1.The Apple's <OpenGLES Programming Guide> say vertex shader has 128 uniform vectors.

2.The PowerVR's <PowerVR SGX OpenGLES 2.0 Application Development Recommandation> say it has up to 512 uniform vectors.

3.I use glGetIntegerv(GL_MAX_VERTEX_UNIFORM_VECTORS) in simulator and iPad Device, and it return 128.

4.But I write

mat4 matModelViewProj;

vec4 BoneMatrix[256];

in my vertex shader, and it compile and link and work successfully on simulator and iPad Device, the uniform location for matModelViewProj returned from glGetUniformLocation is 256!!! And I can increase this value(256) to 768, and it still working. When increasing to 1024, the glLinkProgram crashed.

5.And the GPU Skinning vertex shader performance is very slow, with ths same FPS as CPU Skinning.

6.I found the 'Real Character Demo' in PowerVR Insider Demos, say it can support 42 bones, so 42 * 3 = 126 vectors, so only 2 uniform vectors left for normal transform and lighting, it can not be possible if there is only 128 vectors in SGX.

I am very confused about these, anyone can explain? Anyone has the source code of the 'Real Character Demo'?
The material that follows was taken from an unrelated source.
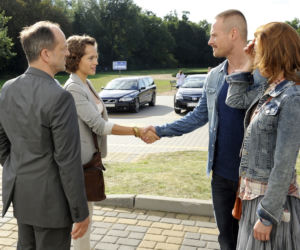 LEKARZE 3. Leon (Jacek Koman), Basia Torzewska (Aleksandra Hamkało), Alicja (Magdalena Różczka), Maks (Paweł Małaszyński)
The device is iPad wifi 64G, iOS 3.2

Thanks for your reply.

yelinghuye2010-08-30 04:57:46

Hi,

Yes i found different numbers too, that’s why i asked if PowerVR could publish the exact specifications of their chips.

But i’m now afraid that it actually depends on who wrote the drivers :s. They allow their customers to make their own drivers so they may not use all that’s in the chip. That’s actually a question, but i hope i’m wrong.

For 6) : Although the meshes in the Real Characters demo contain 42 bones, each mesh is split into multiple batches containing far fewer bones (a maximum of 8 bones in this case I believe). The calculation of the batches is done at export time using PVRGeoPOD. The Chameleon Man demo in the SDK demonstrates the technique for drawing a skinned mesh in multiple batches.

Hope that’s helpful.

The document actually mentions 512 uniform scalars, which corresponds to 128 vec4s. However that's really just the number which is guaranteed to work, see below.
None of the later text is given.